Today's expected temperature swing of more than 50 degrees might challenge the all-time daily shift of 58 degrees set on Feb. 13-14, 1887, when temperatures went from zero to 58 degrees, and on March 11-12, 1972, when a 15-degree day was followed by a 73-degree high.

We probably will set a record for the greatest May one-day warm-up, eclipsing the 50-degree upturn from 38 degrees on the last day of April to 88 degrees on May 1, 1992.

The wacky temperatures are paying dividends this spring for flowering trees and bushes, however. Temperatures were just high enough to coax out blooms, and then the cool temperatures served almost like a refrigerator to preserve the red, pink, purple, yellow and white blossoms.

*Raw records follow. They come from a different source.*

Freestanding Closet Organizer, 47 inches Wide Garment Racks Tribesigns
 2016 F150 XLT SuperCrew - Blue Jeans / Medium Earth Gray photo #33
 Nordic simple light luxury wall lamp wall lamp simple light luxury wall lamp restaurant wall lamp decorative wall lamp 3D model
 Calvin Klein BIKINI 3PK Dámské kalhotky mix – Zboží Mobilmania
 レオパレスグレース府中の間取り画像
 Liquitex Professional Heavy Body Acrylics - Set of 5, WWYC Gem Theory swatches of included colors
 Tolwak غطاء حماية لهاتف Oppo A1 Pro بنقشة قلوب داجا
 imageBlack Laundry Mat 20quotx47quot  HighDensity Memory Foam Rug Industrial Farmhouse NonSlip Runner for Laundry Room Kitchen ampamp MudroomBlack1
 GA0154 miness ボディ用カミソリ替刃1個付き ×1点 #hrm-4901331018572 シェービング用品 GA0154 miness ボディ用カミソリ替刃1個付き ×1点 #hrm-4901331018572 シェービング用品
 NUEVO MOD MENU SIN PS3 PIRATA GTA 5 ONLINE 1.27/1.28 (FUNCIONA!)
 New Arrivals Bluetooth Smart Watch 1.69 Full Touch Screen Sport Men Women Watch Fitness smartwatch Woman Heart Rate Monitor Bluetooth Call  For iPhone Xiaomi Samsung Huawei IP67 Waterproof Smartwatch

“Wednesday will be stunning,” Bachtell predicts, noting temperatures will be in the mid- to upper 80s and then drop off at night and later in the week. “You'll open everything up and then it will cool down.”

Murdock says Goebbert's staff members look forward to opening greenhouse windows.

“It will be nice to turn the heat off,” Murdock says, offering a shrug and a smile. “We're set up for this. It's like this every spring. This is Chicago.”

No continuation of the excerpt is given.